Yes SRP and EGP works very well, I put two coat of EGP on 24 hours apart works a treat, doing my wheel with it this weekend!


Dunca


----------



## mcgough (Nov 24, 2006)

Srp??

EGP??

explain for the newbie please


----------



## EddieB (May 13, 2006)

Autoglym products

Super Resin Polish - polish with some very mild abrasives and a contains fillers

Extra Gloss Protection - Sealent which is pretty durable. 

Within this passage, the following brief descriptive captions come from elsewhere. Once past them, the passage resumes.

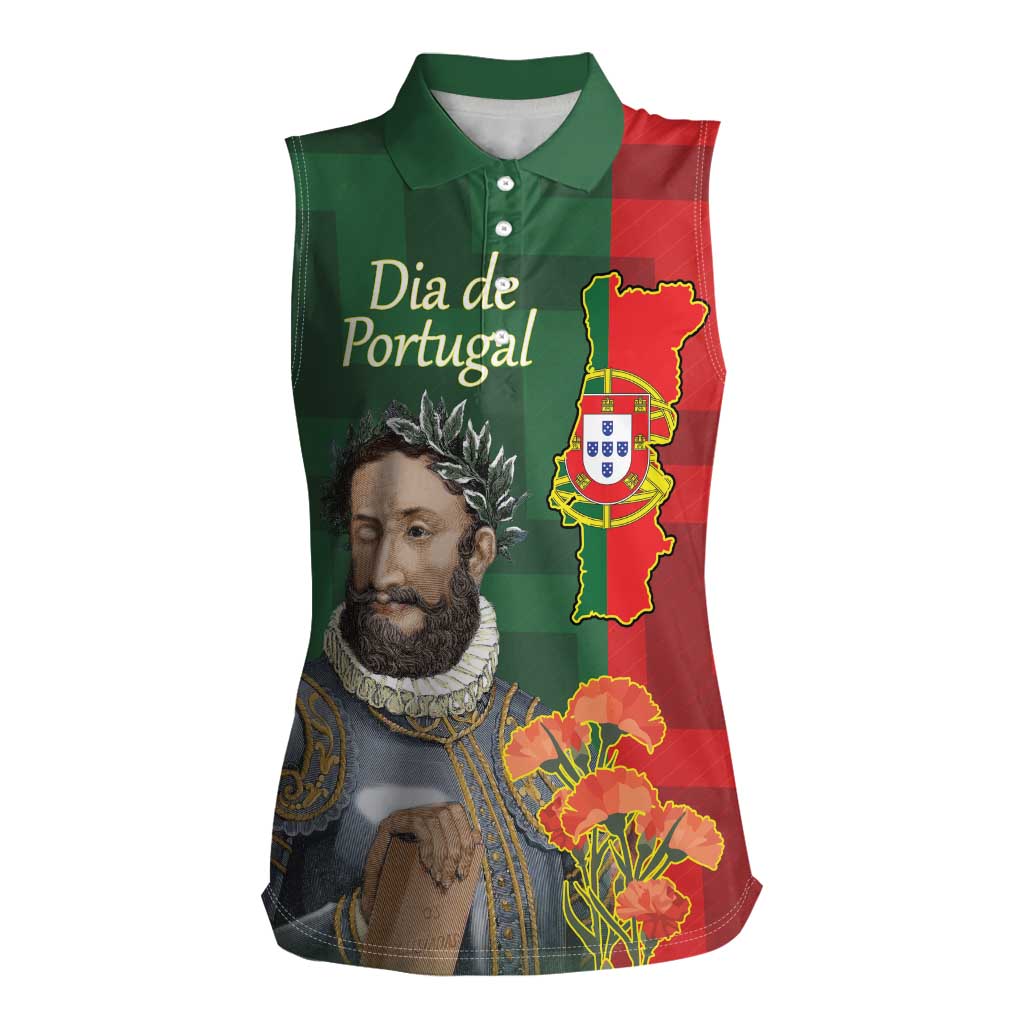 Portugal Day 10th June Women Sleeveless Polo Shirt Luis de Camoes Dia da Portugal
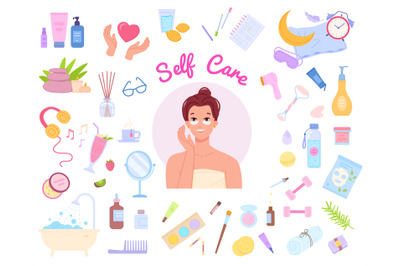 Self care routine. Women morning rituals, skincare habit routine or be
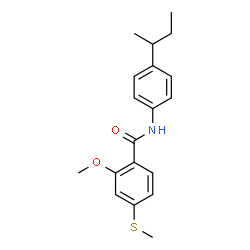 ChemSpider 2D Image | N-(4-sec-Butylphenyl)-2-methoxy-4-(methylsulfanyl)benzamide | C19H23NO2S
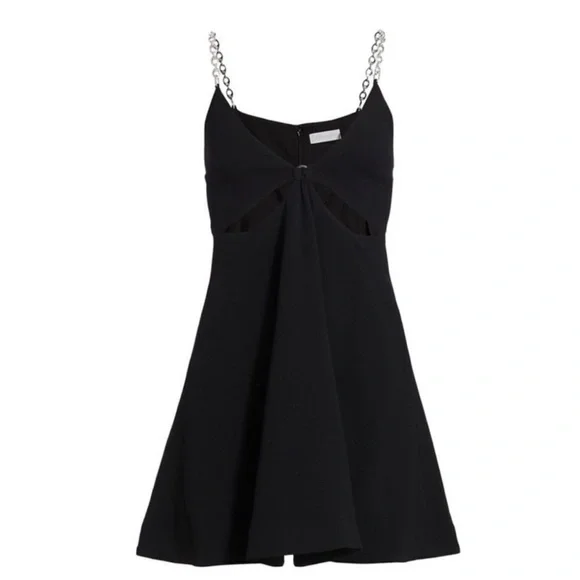 Jonathan Simkhai Ellis Crystal Strap Cut Out Mini Dress Size 4 Black/Silver - Picture 6 of 16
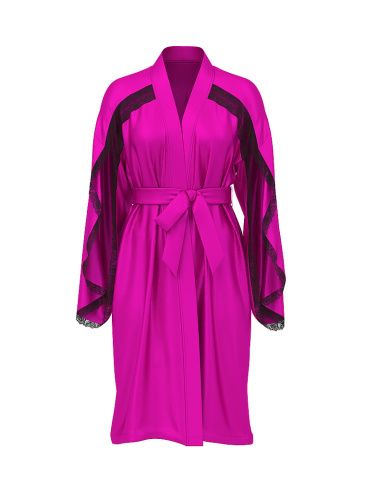 Satin Rose Lace-Trim Midi Robe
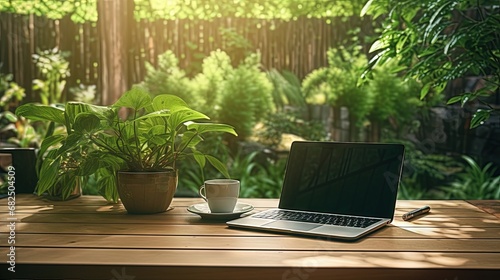 laptop with black screen, phone and cup of tea with shining ray of sun light in it on wooden table outside in green summer garden. Remote distant work or education in comfortable conditions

I use them by hand on my rents cars and does the job damn well.


----------



## Neil_S (Oct 26, 2005)

They will work just find, SRP = Super Resin Polish, EGP = Extra Gloss Protection


----------



## eldavo69 (Jun 15, 2006)

I'd love to hear from anyone with experience of using collinite on wheels as opposed to CG wheel guard too.


----------



## walkmad (Dec 19, 2006)

I have used 845 found it very easy to work with on wheels use this on work car, and SRP+ EGP topped with 845 on my Jag, seems to last a few months


----------



## Deano (Jul 7, 2006)

this was done with just egp









these with srp and egp


----------



## Deano (Jul 7, 2006)

eldavo69 said:


> I'd love to hear from anyone with experience of using collinite on wheels as opposed to CG wheel guard too.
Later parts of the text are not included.